I need to find the Vertical asymtope
Horozontal asymtope, slant asymtope , any holes and the x and y intercepts.

So far I have divided and come up with x^2 - x - 24
I am not sure If I am correct in doing that or even close any help would be greatly apreciated

Umm...no, that's not what you get when you divide them.

Horizontal asymptotes:
You want to take $\lim_{x \to \infty}\frac{2x^2-3x-14}{x^2-2x-8}$
Note that as x blows up, the most important terms are the x^2. So:
$\lim_{x \to \infty}\frac{2x^2-3x-14}{x^2-2x-8} \approx \frac{2x^2}{x^2} = 2$
(Or you can just plug a large number, say x=10000, and see what you get.)
So we have a horizontal asymptote at y=2 on the +x side.

Similarly:
$\lim_{x \to -\infty}\frac{2x^2-3x-14}{x^2-2x-8} \approx \frac{2x^2}{x^2} = 2$
(Squaring takes away the "-" sign, so the expressions are the same.)
So we have the same horizontal asymptote on both sides of the y-axis: y=2.

Vertical asymptotes:
It's a good idea to factor your expression here before we figure these.

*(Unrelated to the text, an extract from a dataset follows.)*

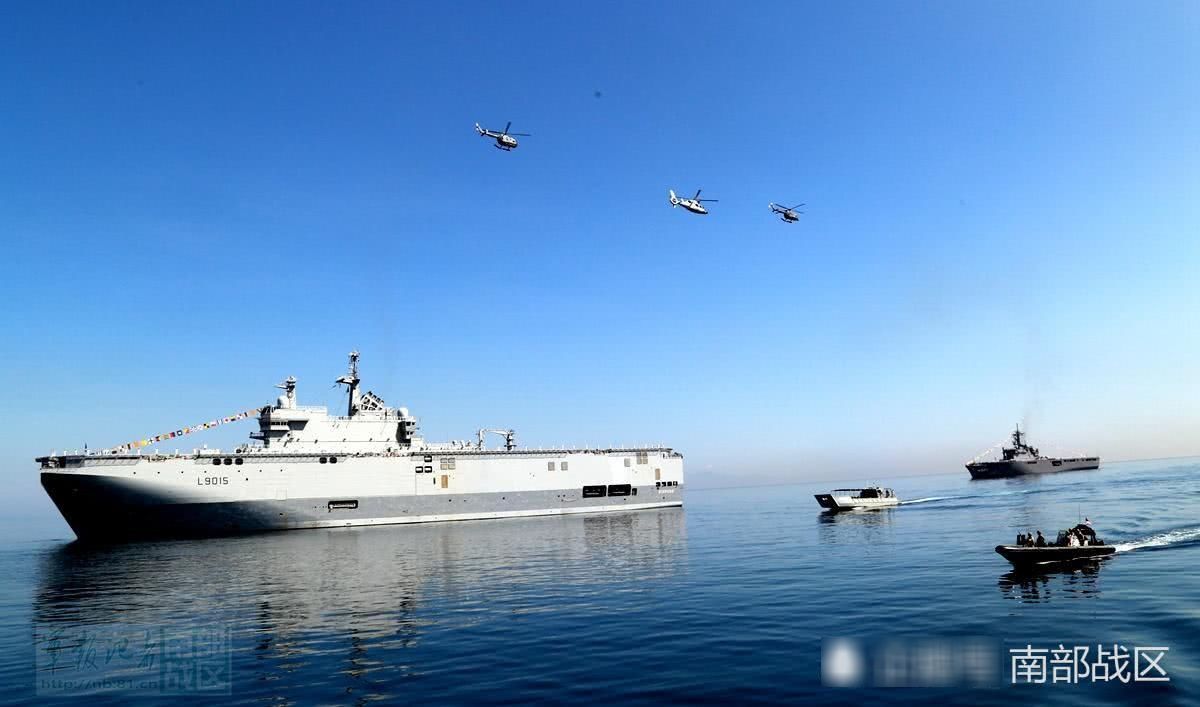 中国海军编队参加印尼海军组织的国际海上阅舰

I'll show you why in a minute.
$F(x)=\frac{2x^2-3x-14}{x^2-2x-8}=\frac{(2x-7)(x+2)}{(x-4)(x+2)}$

Generally you find vertical asymptotes where the denominator of the expression goes to zero. This means that x = 4 is a vertical asymptote. Normally x = -2 would be another, but the x+2 in the denominator is cancelled by the x+2 in the numerator. That's why you ALWAYS want to factor these things.

Slant asymptotes:
You get a slant asymptote only when the degree of the numerator is one more than the degree of the denominator. In this case they are both quadratics, so we don't have any slant asymptotes.

Holes:
Not sure what you mean by this. Perhaps we are speaking of x = -2? This is a point in the domain that is not allowed.

x intercepts:
This is where F(x) is zero. This will happen when the numerator goes to zero (assuming that none of these x values are where we have a zero in the denominator!) The only non-cancelling term in the numerator is the 2x-7, so if we set that to zero we find an x intercept at the point (7/2,0).

y intercepts:
These are easy. Just set x = 0 in your function:
$F(0)=\frac{2*0^2-3*0-14}{0^2-2*0-8}=\frac{-14}{-8}=\frac{7}{4}$
So we have a y intercept at (0, 7/4).

-Dan